Thousands protest over new Hezbollah-backed prime minister in Lebanon

Lebanese President Michel Aoun yesterday designated the former education minister Hassan Diab as the country’s new prime minister following a majority confidence vote of 69 out of 128 members of parliament.

According to Lebanon’s confessional system the post of prime minister must be filled by a Sunni Muslim.

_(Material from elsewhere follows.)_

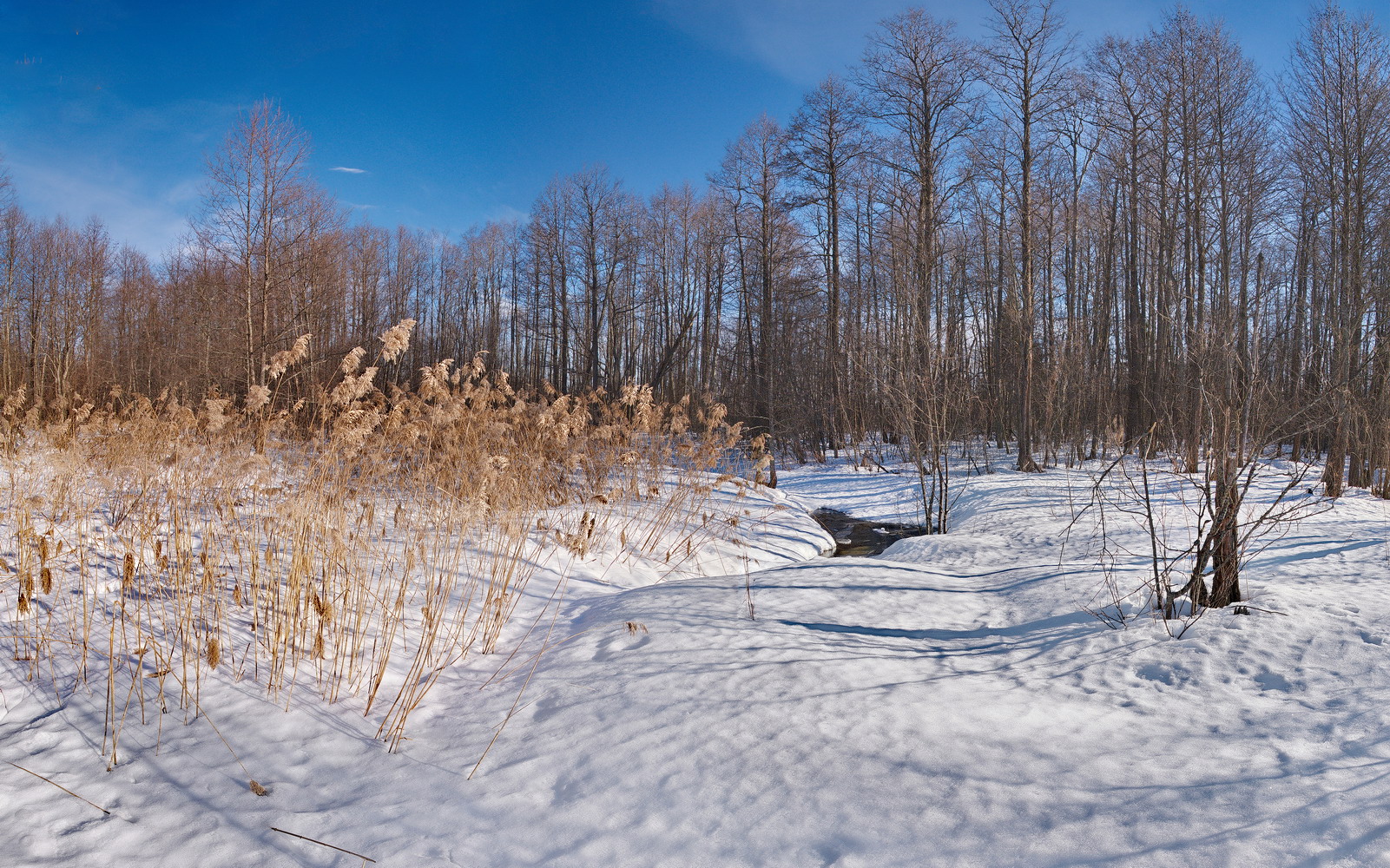 photo "***" tags: nature, landscape,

Diab has the support of Hezbollah’s Loyalty to the Resistance Bloc, the Free Patriotic Movement party, the Amal movement, the Social Nationalist Party in Lebanon and Marada Movement. He was an assistant professor at the American University of Beirut before rising to the position of vice president and professor of computer engineering. The academic partially meets the preference of US and its supporters inside the country which have called for a “technocratic” government.

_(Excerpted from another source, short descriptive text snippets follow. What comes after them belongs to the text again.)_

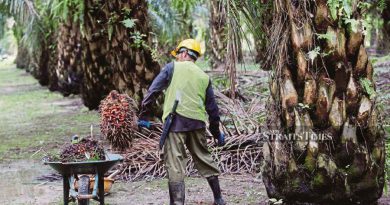Oil palm folk glad proposed property tax cancelled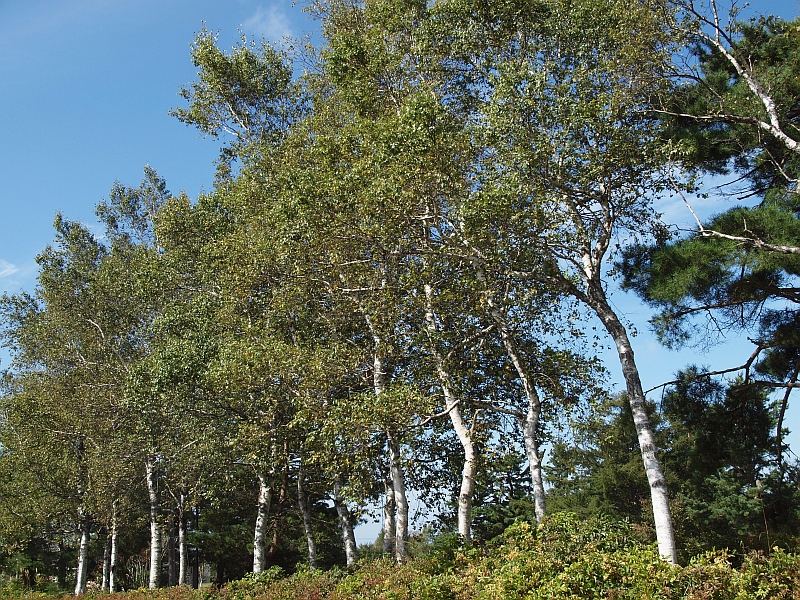 PA079347.JPG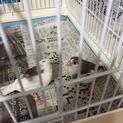 新しい素敵なご家族と出会えました！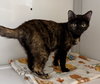 Lilath - St Croix (kitten)
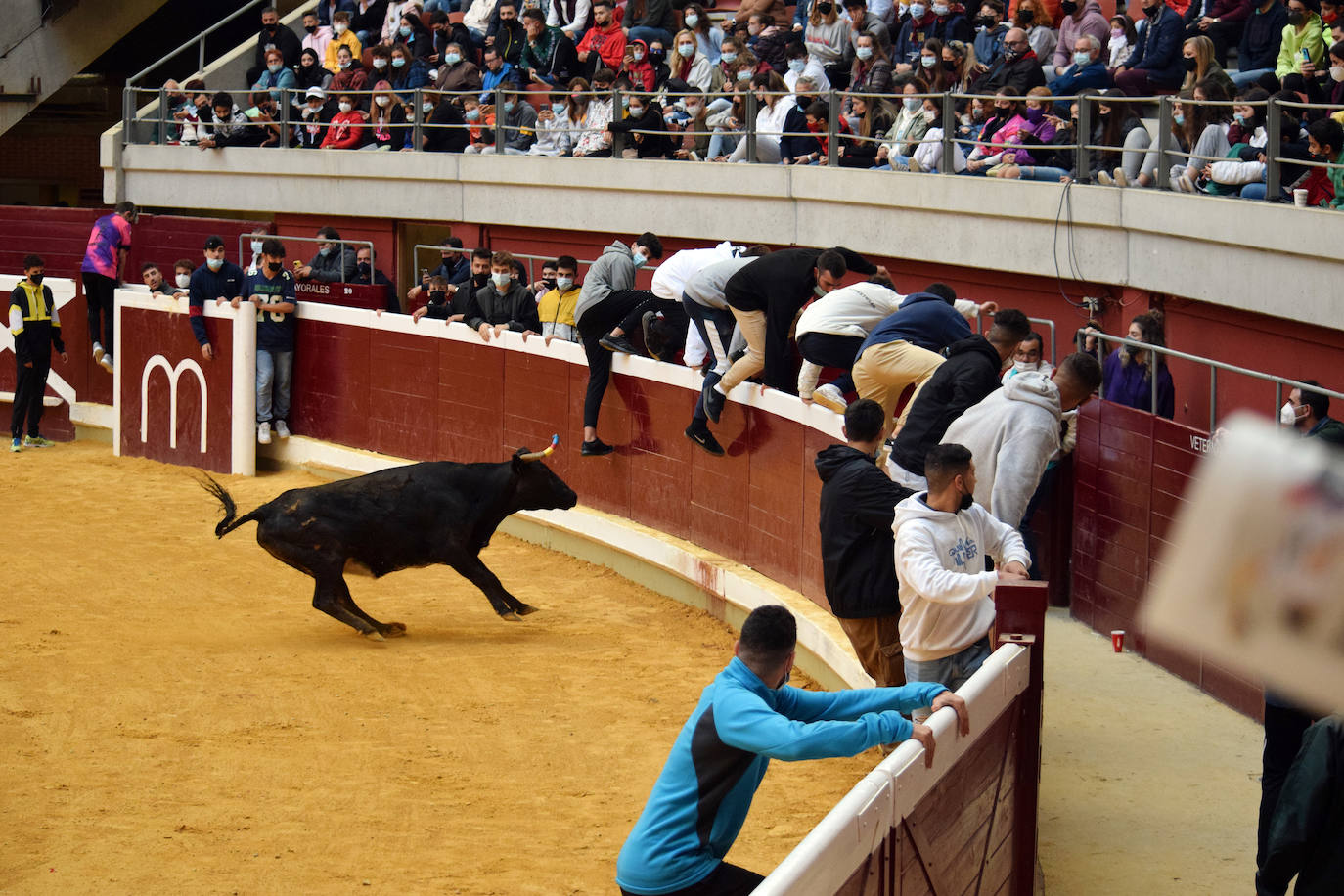 Fotos: Las vaquillas del miércoles en La Ribera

PressTV reported that Elie Ferzli, the deputy parliament speaker and a political ally of Hezbollah, was the first lawmaker to declare support for Diab. Ferzli said Diab’s nomination took “into account some of the basic prerequisites wanted by the people”, calling him an “academic and person of integrity”.

READ: Ex-minister Diab on course to be named Lebanese PM

Former Prime Minister Saad Hariri’s Sunni-aligned Future Movement will not be participating in the new government and only a handful of Sunni MPs gave their backing to Diab. Hariri resigned amid the country’s worsening economic crisis and mounting unrest from protestors leaving the country in political uncertainty. It will also see a reduction in Saudi and Western influence in the country, with relations potentially strengthened with Russia and China.

However, hundreds of mostly Sunni protestors took to the streets in Tripoli and Beirut denouncing Diab’s designation with some setting up roadblocks. Some Hariri-loyalists voiced their support for the former prime minister despite himself withdrawing from the leadership race, whilst others perceive Diab as representing the political elites.

 

Speaking from the presidential palace in Baabda outside Beirut, Diab confirmed that consultations with parties would begin tomorrow to start forming a government, the state-run National News Agency reported.